50 Studies Every Neurologist Should Know (Fifty Studies by David Y. Hwang

By David Y. Hwang

50 reports each Neurologist should still Know provides key reports that form the present scientific perform of neurology. All neurologic subspecialties are coated, with a unique emphasis on neurocritical care and vascular neurology. for every research, a concise precis is gifted with an emphasis at the effects and boundaries of the examine, and its implications for perform. An illustrative medical case concludes every one evaluation, through short details on different correct reviews. this is often the 1st e-book of its style to give a set of the main influential scientific trials in neurology which are particular adequate for use on rounds, yet nonetheless simply digestible. it's a must-read for overall healthiness care execs and a person who desires to study extra in regards to the facts at the back of scientific practice.

Show description

Read or Download 50 Studies Every Neurologist Should Know (Fifty Studies Every Doctor Should Know) PDF

Best neurology books

Noise and the Brain: Experience Dependent Developmental and Adult Plasticity

In our industrialized global, we're surrounded via occupational, leisure, and environmental noise. Very loud noise damages the inner-ear receptors and leads to listening to loss, next issues of communique within the presence of historical past noise, and, probably, social isolation. there's less public wisdom in regards to the noise publicity that produces in basic terms transitority listening to loss yet that during the longer term ends up in listening to difficulties as a result of harm of high-threshold auditory nerve fibers.

Evidence-Based Dementia Practice

The period of healing nihilism in dementia has ended, with the emergence of brokers for symptomatic remedy, those who hold up the process the illness or hinder the onset of dementia, and new the right way to deal with indicators. With the growth of remedies, there's a transparent hazard of being beaten by way of the quantity of information.

Carpal Tunnel Syndrome - A Medical Dictionary, Bibliography, and Annotated Research Guide to Internet References

This can be a 3-in-1 reference ebook. It supplies an entire scientific dictionary protecting enormous quantities of phrases and expressions in terms of carpal tunnel syndrome. It additionally supplies wide lists of bibliographic citations. eventually, it offers details to clients on easy methods to replace their wisdom utilizing a number of net assets.

Multiple Sclerosis Therapeutics

This booklet comprehensively studies the present kingdom of scientific trial tools in a number of sclerosis remedy, delivering investigators, sponsors and experts with present wisdom of end result measures and research designs for illness and symptom administration.
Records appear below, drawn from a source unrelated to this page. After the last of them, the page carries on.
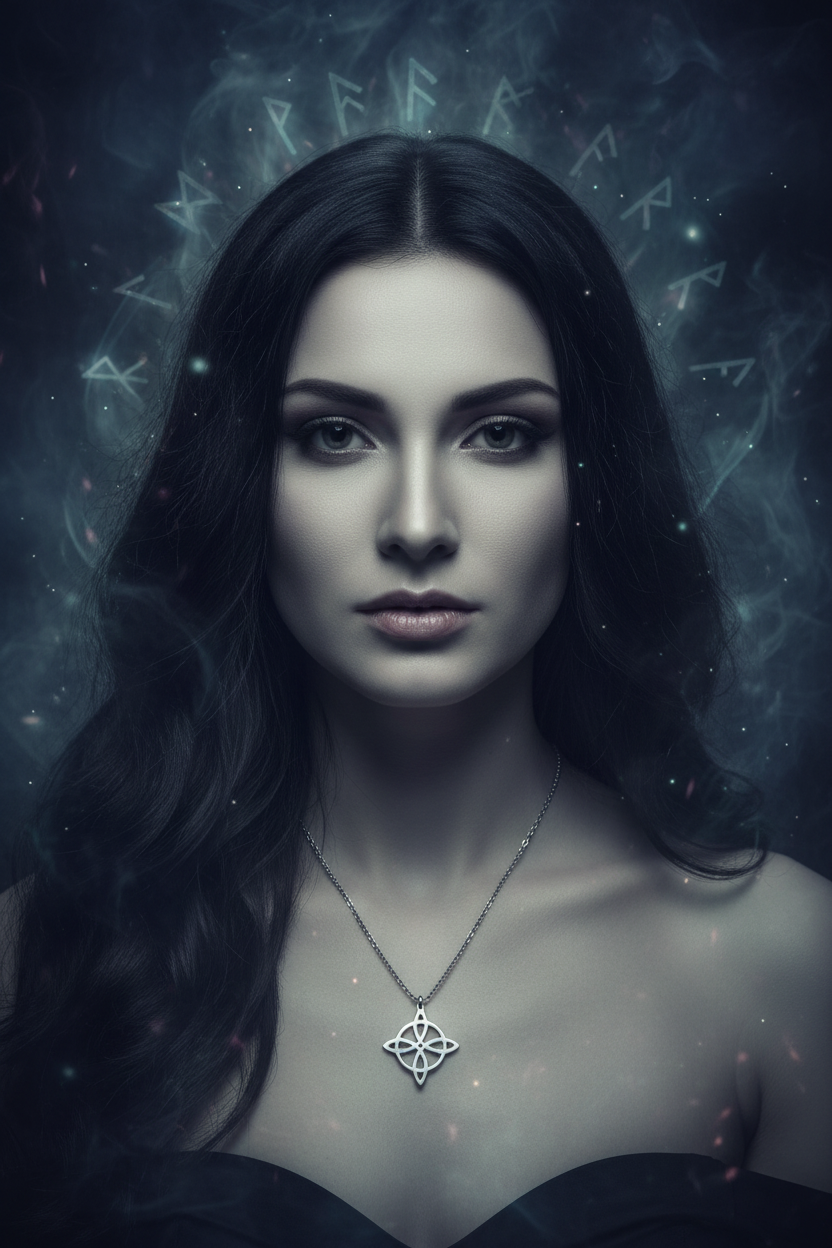 Collana Nodo della Strega indossata - editorial fashion Wicca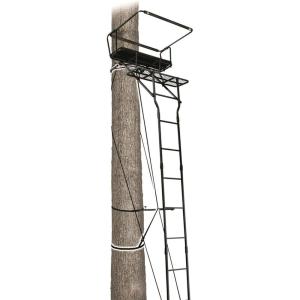 Guide Gear 15’ Double Shot Two-Person Ladder Tree Stand with Grip Jaw System; Portable, Hunting Deer Season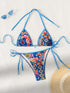 Floral Print Triangle Bikini Set with Brazilian Bottoms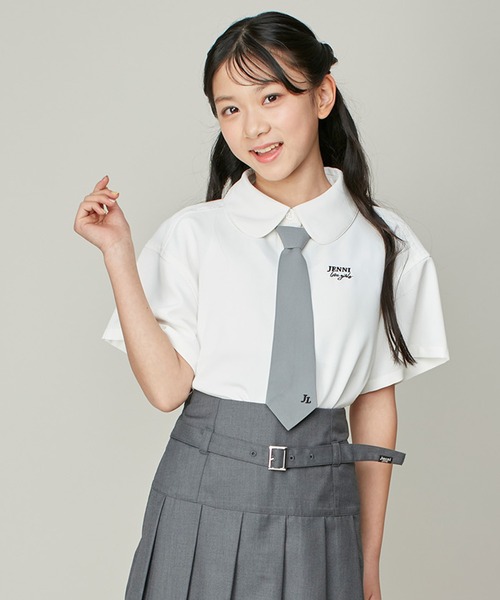 JENNI love（ジェニィラブ）の「チェーンネクタイ付き半そでブラウス（シャツ/ブラウス・キッズ・サックスブルー/オフホワイト/ピンク・130cm/140cm/150cm/160cm）」の2枚目の写真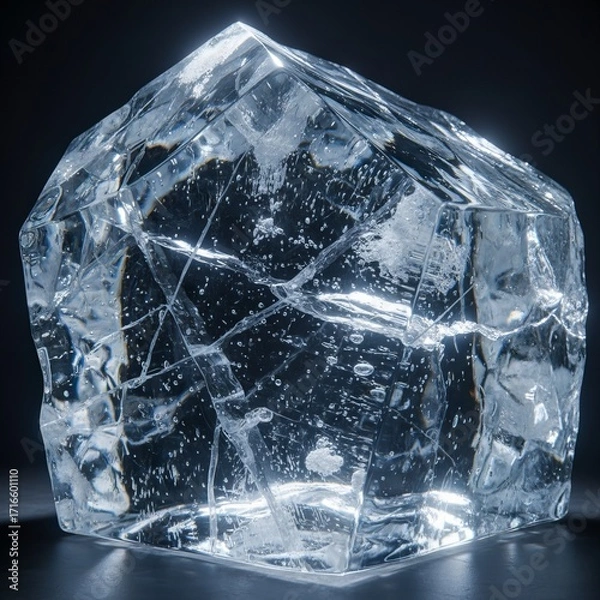 Obraz Massive transparent glacier ice block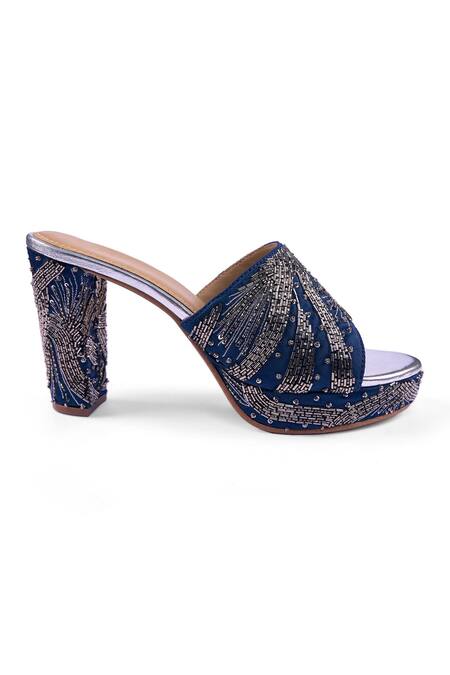 Buy_Anaar_Blue Beads, Sequins Electric Nakhra Platform Heels _Online_at_Aza_Fashions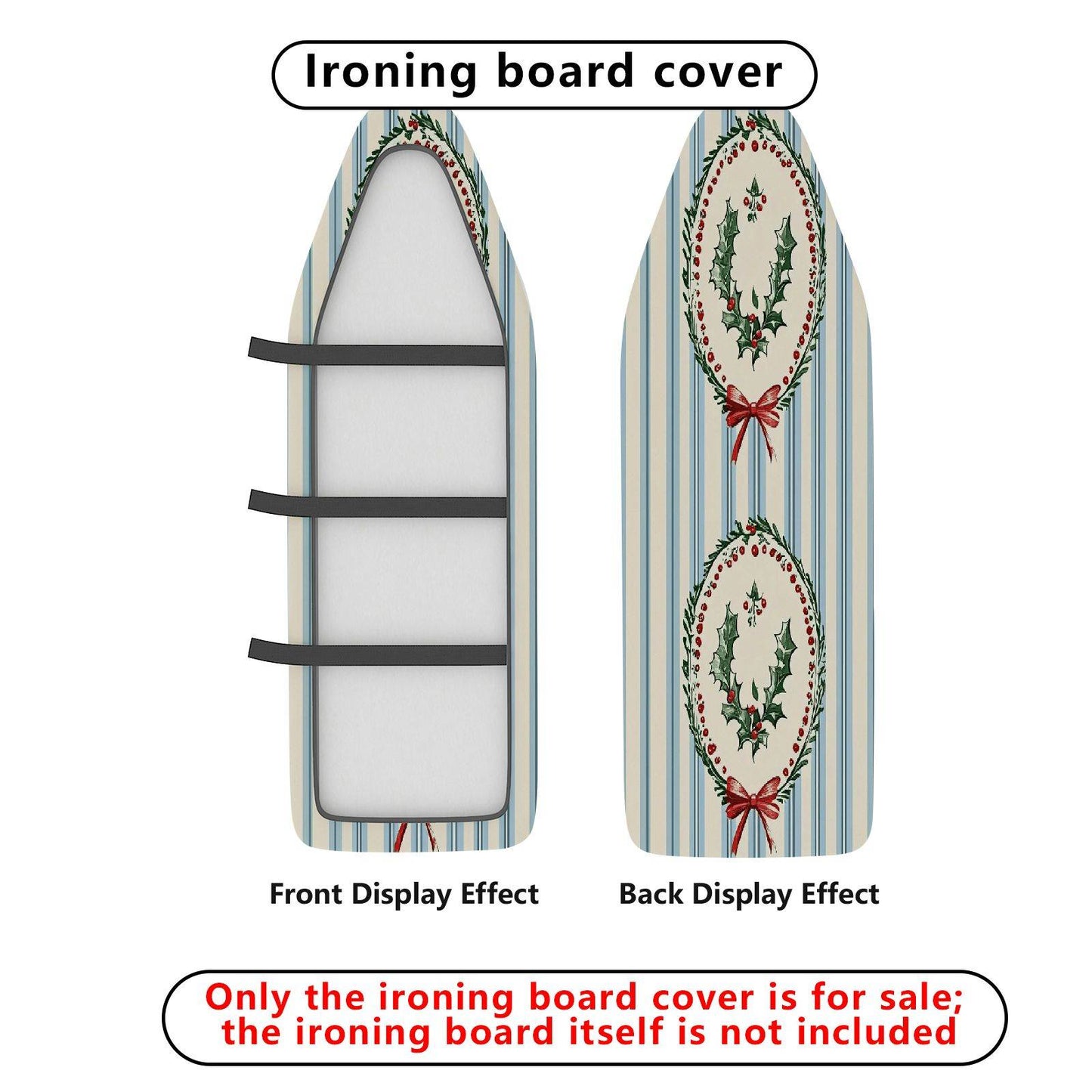 1-Piece Christmas Holly Festive Ironing Board Cover, Universal Size, Without Board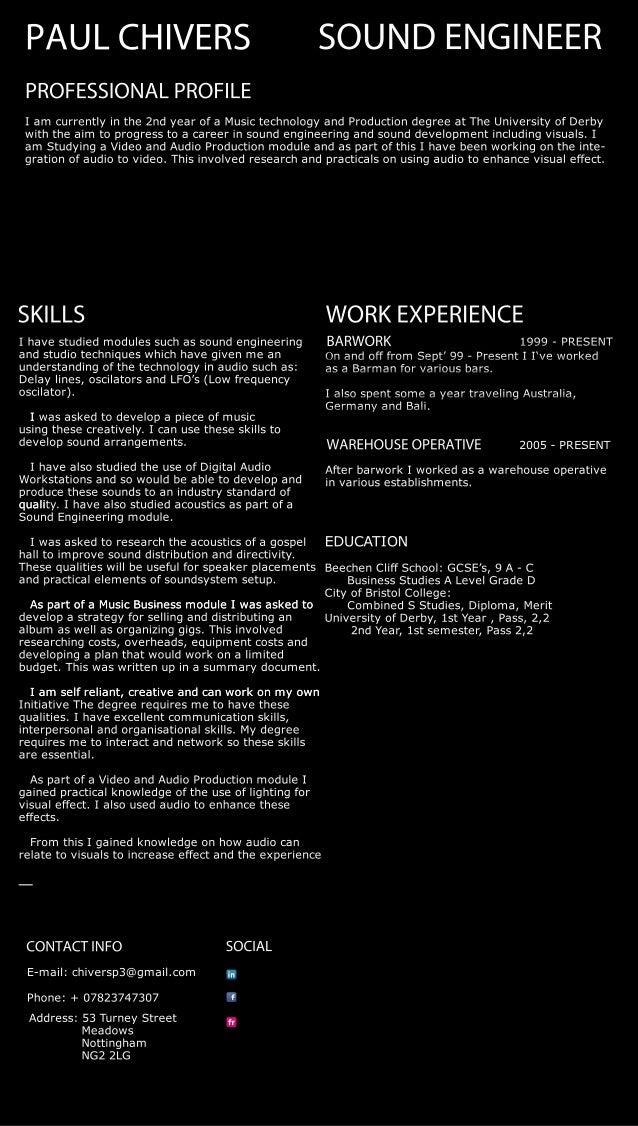 Sound engineer cv pfd 3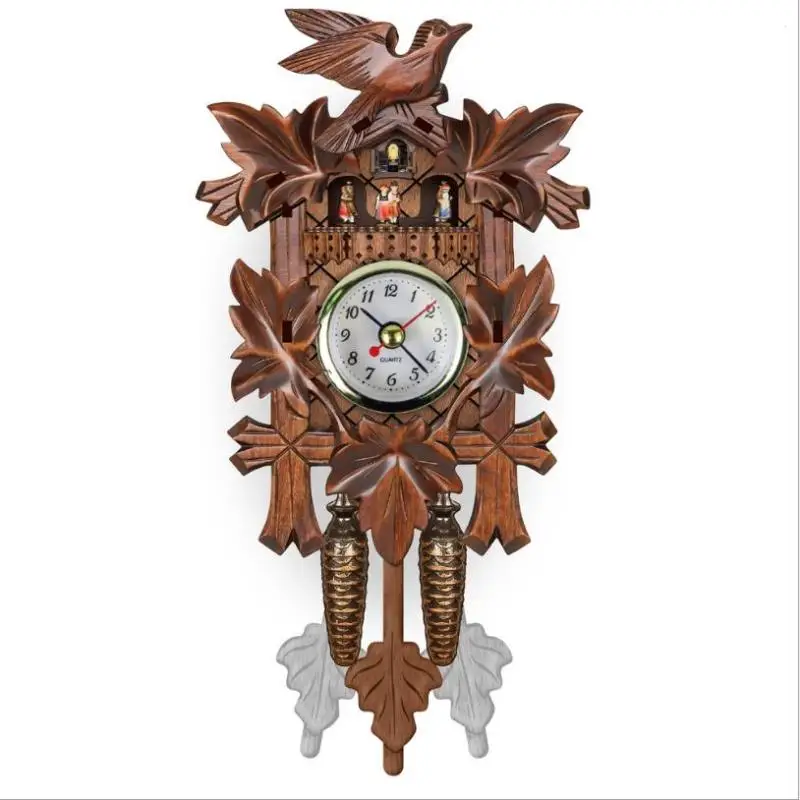 Cuckoo Wooden Wall Clock With Pendulum Bird Alarm Clock Wooden Wall
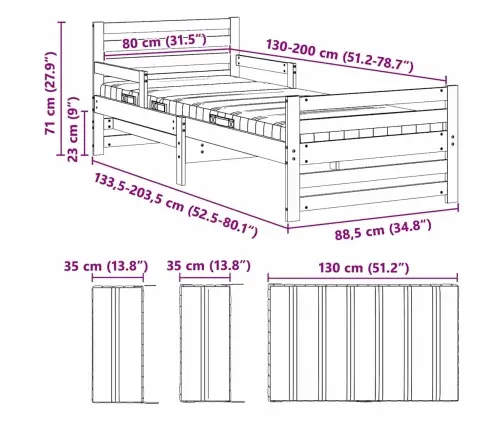 Gultas Rāmis Ar Matraci Ar Galvas Klāju Vaska Brūna 80 X 200 Cm Vidaxl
The prestige of the speedily evolving box of disease-modifying medications is gifted, with emphasis at the such a lot promising remedies at the moment being verified.

Extra info for 50 Studies Every Neurologist Should Know (Fifty Studies Every Doctor Should Know)

Sample text

2007;68:402–​4 08. 4. Saetre E et al. An international multicenter randomized double-​blind controlled trial of lamotrigine and sustained-​release carbamazepine in the treatment of newly diagnosed epilepsy in the elderly. Epilepsia. 2007;48:1292–​1302. 5. Glauser T et al. ILAE treatment guidelines: Evidence-​based analysis of antiepileptic drug efficacy and effectiveness as initial monotherapy for epileptic seizures. Epilepsia. 2006;47(7):1094–​1120. 6. Brodie MJ et al. Comparison of levetiracetam and controlled-​release carbamazepine in newly diagnosed epilepsy.

2. 02 Values are least squares mean scores. LOCF = last observation carried forward. c SIB range of possible scores: 0–​100. Higher score indicates better function. d ADCS-​ADL19 range of possible scores: 0–​54. Higher score indicates better function. a b Criticisms and Limitations: The results of the trial are restricted to patients with MMSE scores of 5–​14. 8 While using the Ischemic Score to exclude patients with vascular dementia, it may have included patients with non-​AD dementias. 10 A high11 percentage of patients discontinued study participation (fully a fourth of the placebo group, 51/​201; and 30/​203 assigned to receive memantine), which may have introduced inaccuracies in findings.

Curr Alzheimer Res. 2008;5(1):83–​89. 19. At a dose of 28 mg daily, rather than 10 mg twice daily used in the trial in Tariot et al. In addition, no increase in confusion was seen in the memantine group; Grossberg et al. ) 21. Especially since the absolute benefit of the addition of memantine is small, the population with dementia is already at higher risk for delirium (and the study in Tariot et al. ), and, when possible, polypharmacy in the elderly should be avoided. Memantine for Alzheimer’s Disease 1 SECTION II Epilepsy 3 Lorazepam for Generalized Status Epilepticus P U E FA R O O Q U E Although lorazepam was no more efficacious than phenobarbital or than diazepam and phenytoin, it is easier to use.